◆ **EXERCISE MATERIALS**:
****************

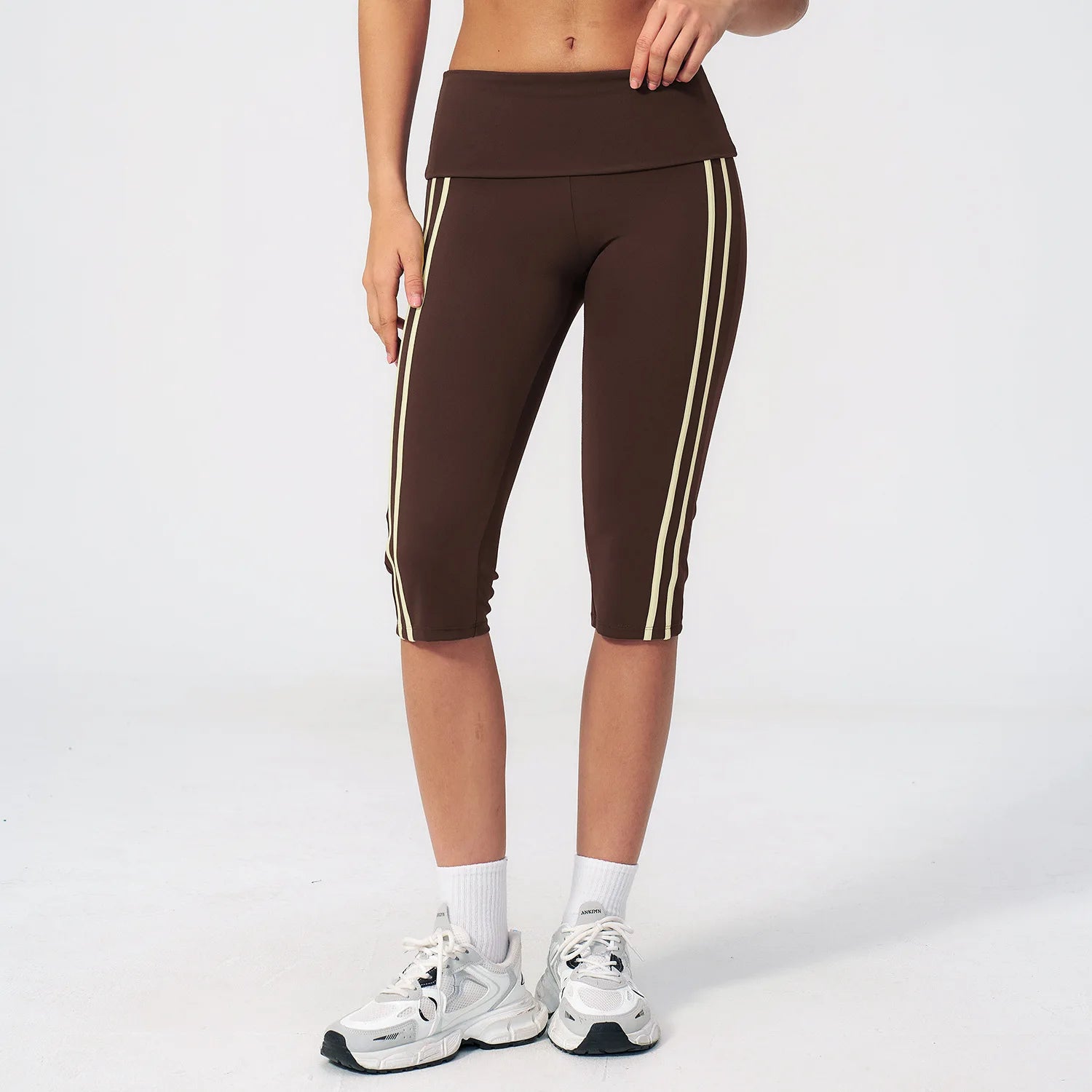 Leggings Capri de Yoga para Mujer, Cintura Alta con Banda...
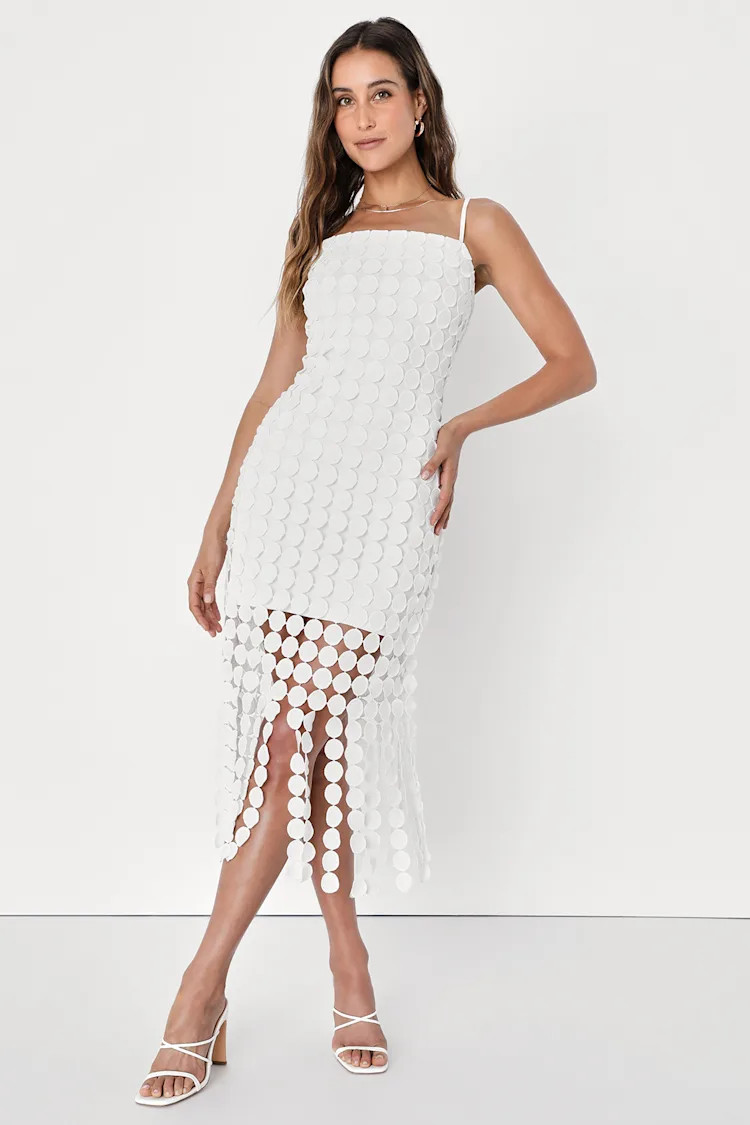 Fun Fascination White 3D Dot Sleeveless Fringe Midi Dress | Lulus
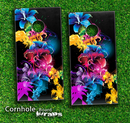Neon Abstract Floral Skin-set for a pair of Cornhole Boards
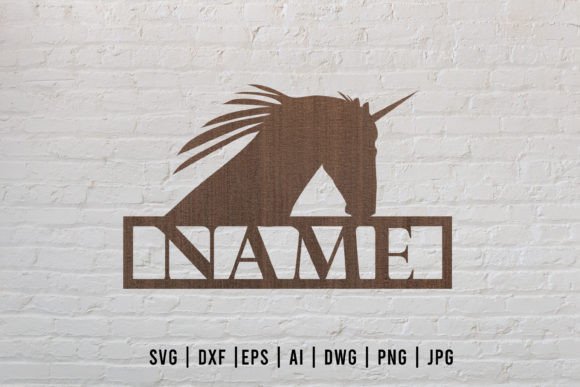 Download Unicorn Laser Cut Name Sign - Unicorn Collection
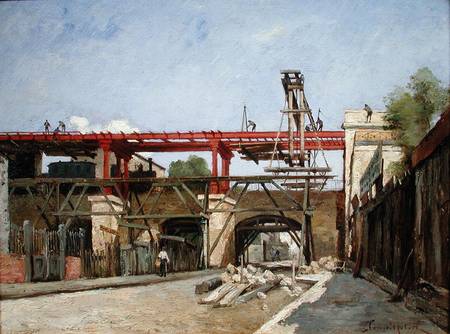 Workers Raising the Ring Road Railway Tracks on the Bridge of the Rue de la Voute, Paris from Paul Desire Trouillebert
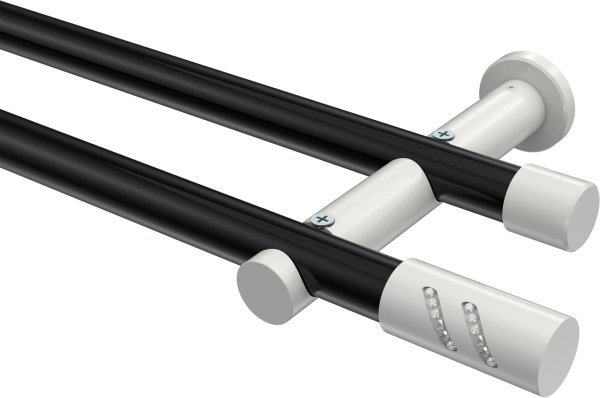 Gardinenstange Metall 20 mm Ø 2-läufig PLATON - Zoena Schwarz / Weiß (ohne Ringe) 100 cm
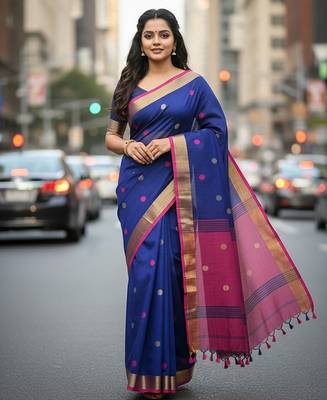 Rani fancy cotton handloom saree with blouse piece for women 1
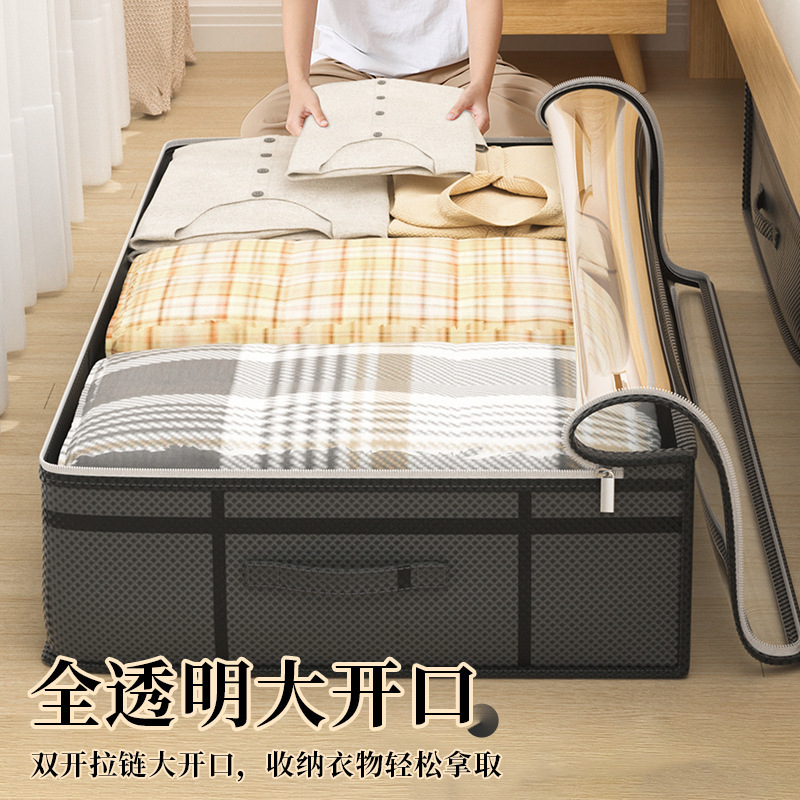 ベッド下収納袋 フラット引き出し型収納袋 衣類や布団整理収納袋 防塵 超大容量|undefined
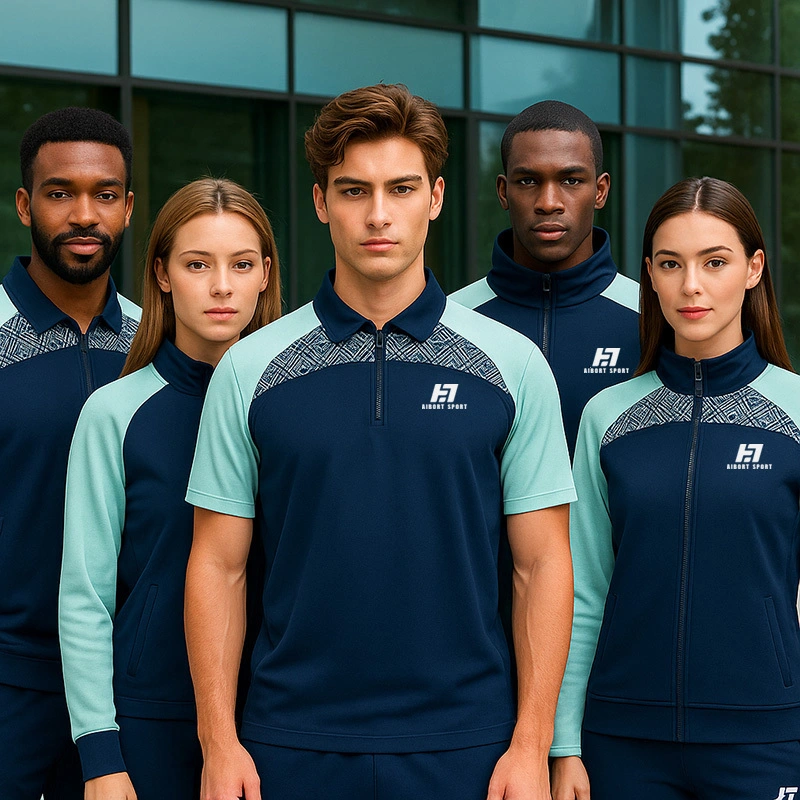 Jersey allenamento per le prestazioni - Top grafico di trasferimento di calore + base intrecciata di colore solido | Camicia uniforme di squadra personalizzata | Produttore di abbigliamento attivo OEM 1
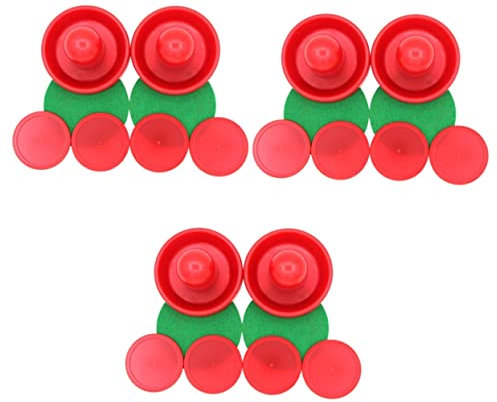 VICASKY 3 Unidades Portátil Hockey De Mesa Con Raquetas Rojas Pucks Rojos Piezas De Repuesto Para Hockey Aire Suplemento Para Sala De Juegos Y Diversión De Ocio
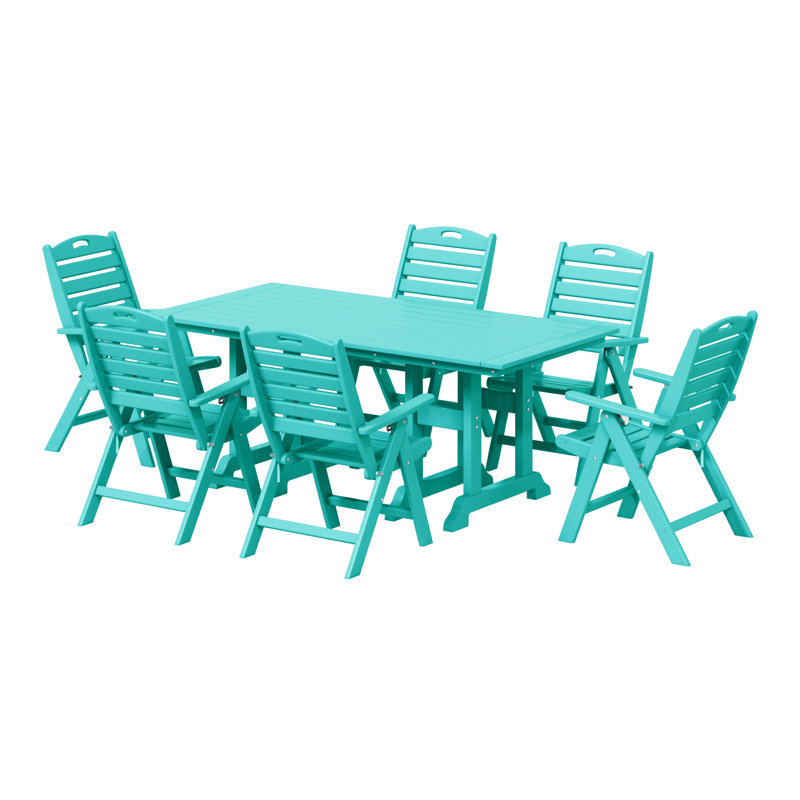Laguna 7-Piece Rectangular Table Folding Highback Chair Dining Set, Turquoise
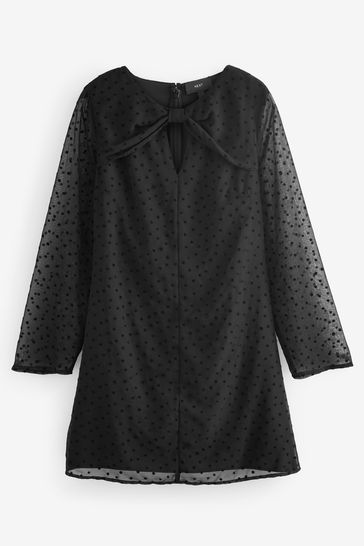 Buy Black On Black Polka Dot Spot Bow Neck Detail Long Sleeve Mini Dress from Next Bahrain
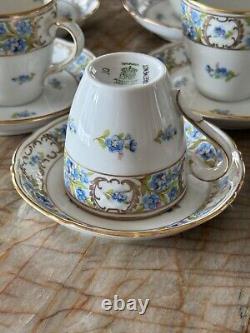 Vintage Schumann Bavaria Germany Forget Me Not Set of 8 Demitasse Cups & Saucers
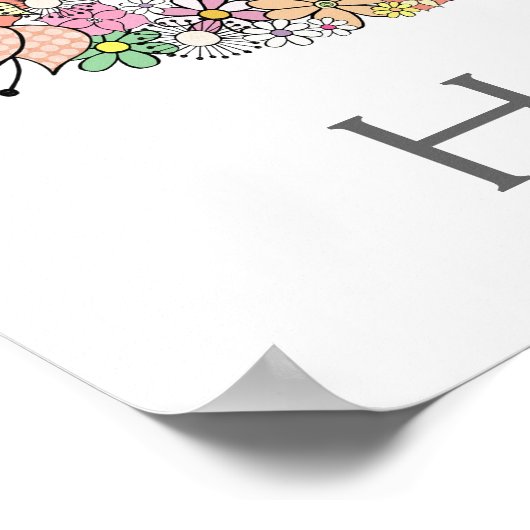 50th Birthday Party Number Banner Poster (groot) (Hoek)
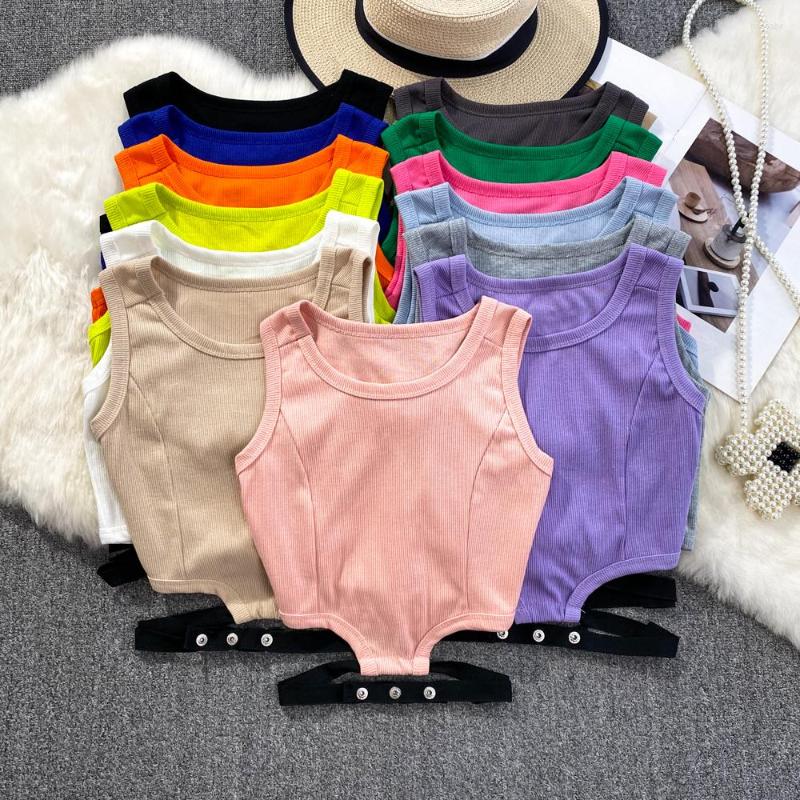 

Women's Tanks American Retro Sleeveless Camis For Women Summer Casual O-neck Solid Colours Femme Corset Crop Tank Tops Skinny Camisoles, Black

****************

◆ **WORK TO BE COMPLETED**:
Leave out the pictures, then reproduce exactly the run of lines from the one that contains "Buy Black On" to the final line of the listing above.

◆ **SOLUTION TO THE EXERCISE**:
 Buy Black On Black Polka Dot Spot Bow Neck Detail Long Sleeve Mini Dress from Next Bahrain
 Vintage Schumann Bavaria Germany Forget Me Not Set of 8 Demitasse Cups & Saucers
 50th Birthday Party Number Banner Poster (groot) (Hoek)

Women's Tanks American Retro Sleeveless Camis For Women Summer Casual O-neck Solid Colours Femme Corset Crop Tank Tops Skinny Camisoles, Black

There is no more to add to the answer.